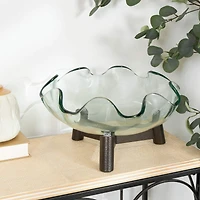 9" Clear Glass Floral Inspired Serving Bowl with Bronze Hammered Y-Shaped Stand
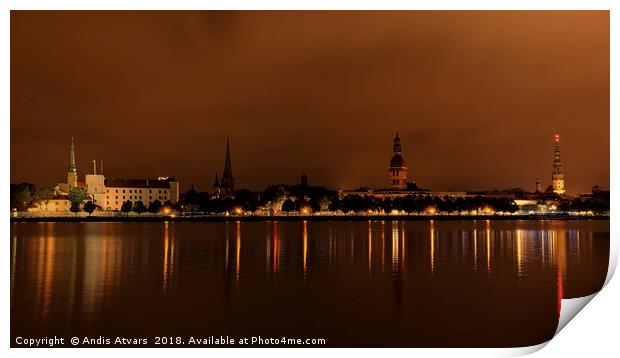 Panoramic view of Riga Old Town before sunrise Print by Andis Atvars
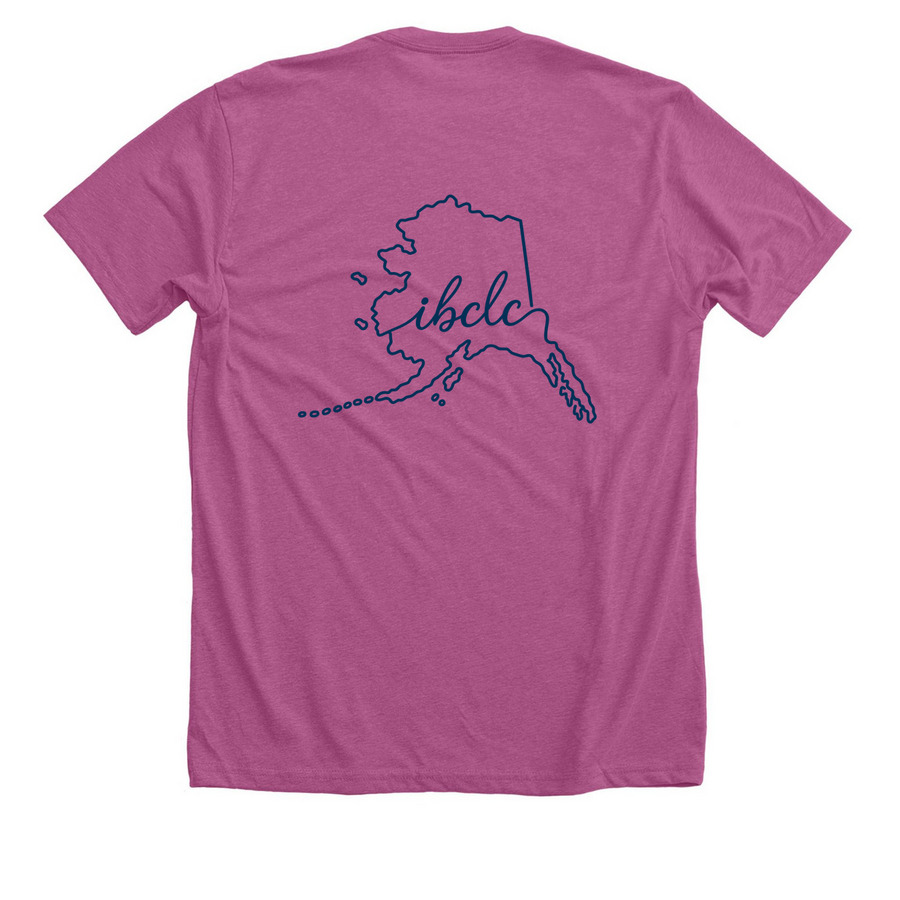 ANMC IBCLC, a Heather Magenta Premium Unisex Tee (back-view)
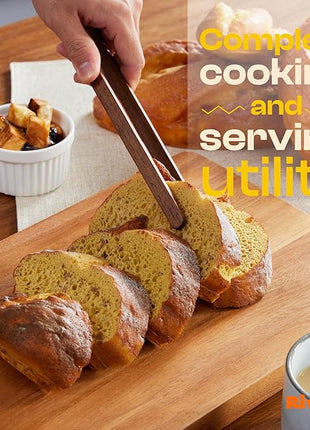 Riveira Teak Wooden Cooking Utensils Set of 9 Premium Quality Non-Toxic Wooden Spoons & Spatulas for Cooking, Stirring, Flipping & Serving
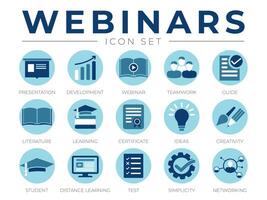 Round Webinar Icon Set. Presentation, Development, Webinars, Networking, Teamwork, Guide, Literature, Learning, Certificate, Ideas, Creativity, Distance Learning, Student, Test, Simplicity Icons. vector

THE PROBLEM
With pictures left out, transcribe each line from the one containing "ANMC IBCLC, a" through the end of the data, both ends included.

THE ANSWER
 ANMC IBCLC, a Heather Magenta Premium Unisex Tee (back-view)
 Riveira Teak Wooden Cooking Utensils Set of 9 Premium Quality Non-Toxic Wooden Spoons & Spatulas for Cooking, Stirring, Flipping & Serving
 Round Webinar Icon Set. Presentation, Development, Webinars, Networking, Teamwork, Guide, Literature, Learning, Certificate, Ideas, Creativity, Distance Learning, Student, Test, Simplicity Icons. vector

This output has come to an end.